The image became so well-known that a man who said he was the demonstrator put details for booking requests on his Twitter profile. He got thousands of new Twitter followers.
It’s become apparent that anyone who has played a contributing role in this city’s unsteady vortex has been reshaped in it. Along with fostering celebrity, events here have taken on a ritualistic quality, with protesters gathering night after night along a small stretch of West Florissant Avenue. “During the day, it’s a spectacle. At night, it’s a war zone,” Wes Suber, a 26-year-old sociology student from Ferguson, said one night this week.
Akbar Muhammad, a leader with the Nation of Islam, this week conceded to reporters the challenge of maintaining control and focusing energy, saying, “We don’t have a playbook for this.” His group was trying to “mobilize the young men” who had claimed the streets at night, he said.
As always seems to happen with a big news event, the spotlight also has fallen, and not flatteringly, on the news media. Suber zeroed in on the national and global journalists who have descended on Ferguson to document the unrest, to the point that they have begun to outnumber demonstrators at the end of recent nights. Suber, with a black bandanna fixed around his neck, watched a gaggle of journalists pass.

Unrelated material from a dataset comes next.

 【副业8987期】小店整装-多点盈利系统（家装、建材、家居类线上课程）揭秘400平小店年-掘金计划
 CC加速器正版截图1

“It’s embarrassing,” he said. “You’ll have six protesters in the street and 30 cameras.”
Complaints — sometimes shouted, sometimes murmured — have mounted recently over whether the focus on Brown’s death on Aug. 9 has been stolen by those hoping to draw the spotlight to themselves. Many demonstrators and onlookers have hoped that the Ferguson uprising would be transformative not just for its participants, but for the nation.
Anthony Williams hopes for as much. Williams, a 60-year-old Lutheran pastor and journalist who traveled here from Chicago, reached back to a term from Greek antiquity to describe the potential of Ferguson — kairos.

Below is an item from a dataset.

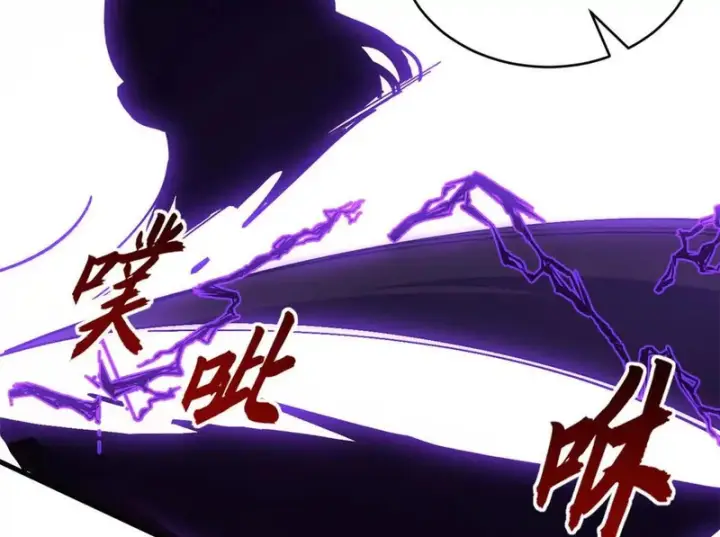 漫画《超神宠兽店》212 迎战三王！第157张图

The Greeks, Williams explained, had two words to reflect time. There’s chronos, the kind of time that can be measured in minutes or hours. Kairos, however, refers to a more important, transformative time.
“You have these moments in history where kairos time is speaking to us,” said Williams, with a camera around his neck, seeking to document what he hoped would be a nationwide tipping point in how the nation treats African Americans. “Ferguson is this kairos moment.”
Perhaps, he suggested, it would push America toward peace and civility. Others have said as much. “As Americans, we’ve got to use this moment to seek out our shared humanity that’s been laid bare by this moment,” President Obama said this week.
“What I’m seeing, hopefully, is a catalyst for change. Nothing wrong with protest. This country was founded on protest,” said St. Louis County Det. Kevin Bentley as he worked crowd control last week, sounding more like a demonstrator than a peace officer.
One demonstrator, Torraquai Walker, 36, of Ferguson, this week summed up the nights of peaceful demonstrations. “I love it,” Walker said. “This is the most unity I’ve seen in St. Louis in my adult life…. Everybody wants to be a part of it.”
Another demonstrator, Arshad Goods, 26, of University City, Mo., said, “It’s sad that somebody had to lose their life, but the dialogue that’s taking place is amazing.”
Yet another protester, China Hearns, 28, of Northwoods, Mo., reflected on what the weeks of protest meant. “We all have a purpose in life,” she said, and maybe Michael Brown’s was to bring everyone together.